Steve Baines

Personal information
- Full name: Stephen John Baines
- Date of birth: 23 June 1954 (age 71)
- Place of birth: Newark, Nottinghamshire, England
- Height: 6 ft 0 in (1.83 m)
- Position: Defender

Senior career*
- Years: Team / Apps / (Gls)
- 1972–1973: Nottingham Forest / 2 / (0)
- 1975–1978: Huddersfield Town / 114 / (10)
- 1978–1980: Bradford City / 99 / (17)
- 1980–1982: Walsall / 48 / (5)
- 1981: → Bury (loan) / 7 / (0)
- 1982–1983: Scunthorpe United / 38 / (1)
- 1983–1987: Chesterfield / 133 / (9)
- Total:  / 432 / (42)

= Steve Baines =

English footballer and referee

Stephen John Baines (born 23 June 1954) is an English former footballer and later a referee in the Football League. Born in Newark, Nottinghamshire, during his refereeing career he resided in Chesterfield, Derbyshire.

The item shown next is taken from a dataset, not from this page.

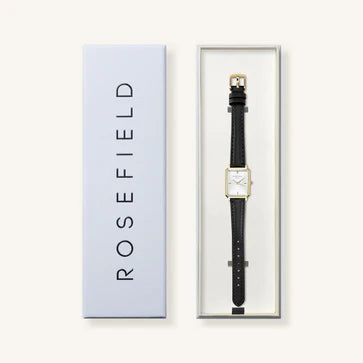 Rosefield horloge OWBLG-O84 Octagon XS White Black Leather Gold - PansiteNederland.nl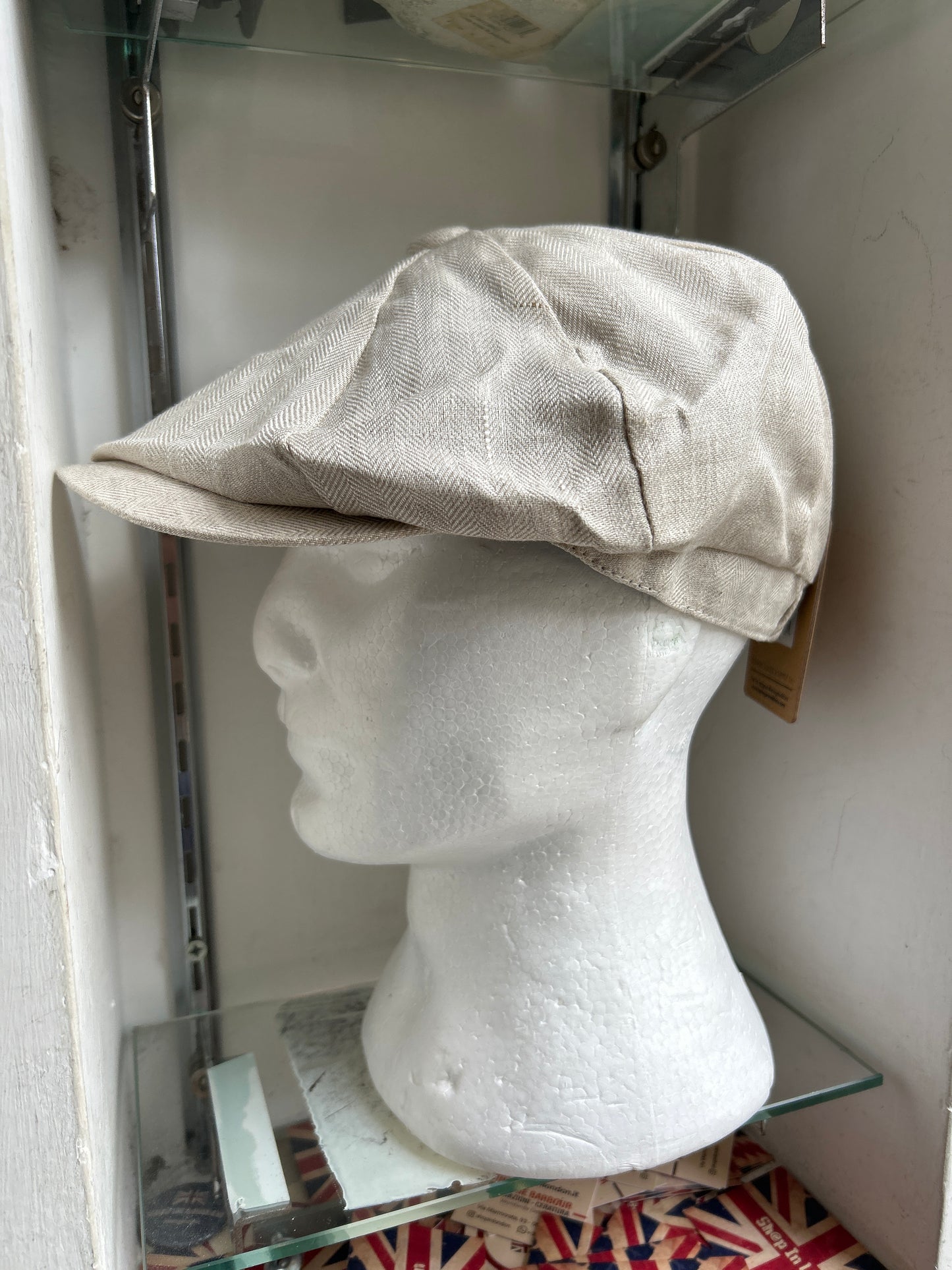Coppola in lino inglese a otto spicchi Newsboy a spina di pesce - Linen Newsboy Cap One size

He is the only referee in the League's history to have had a significant career previously as a professional player.

==Playing career==
Baines started his career with nearby Nottingham Forest, and made his debut in the 1972–73 season, but only played twice before being transferred to Huddersfield Town. He made over one hundred appearances for that club before moving to local rivals Bradford City in 1977. After 99 league games for them he departed to Walsall. There was a loan spell at Bury before he returned on a permanent transfer to Walsall. A final move to Chesterfield, where he spent the final years of his League career as player/coach, ended in 1987, after which he played briefly for various non-League clubs.

At the close of his playing career he had made almost 450 League appearances. He had generally operated as a centre-half, scoring 42 goals – a good record for this position. In the period from 1979–80 onwards he was sent off once, while on loan at Bury in January 1982.

==Refereeing career==
Baines remained in Chesterfield and worked in insurance. In a rare move for an ex-player he soon took up refereeing. He made good progress, reaching the Panel Leagues and becoming a Football League assistant in 1994. After just one year he was promoted to the Referees List. Only one other referee had ever been promoted that quickly – former Scottish League referee Joe Timmons, in 1987. Only two other referees – Bob Matthewson and John Lloyd – had previous professional playing experience but the pair only made five League appearances between them.

Baines had made the List after less than ten years refereeing. However he was still able to serve eight years as a Football League referee during which he had a low rate of red and yellow cards. He handled matches involving most of his former clubs although not Chesterfield, in line with League policy.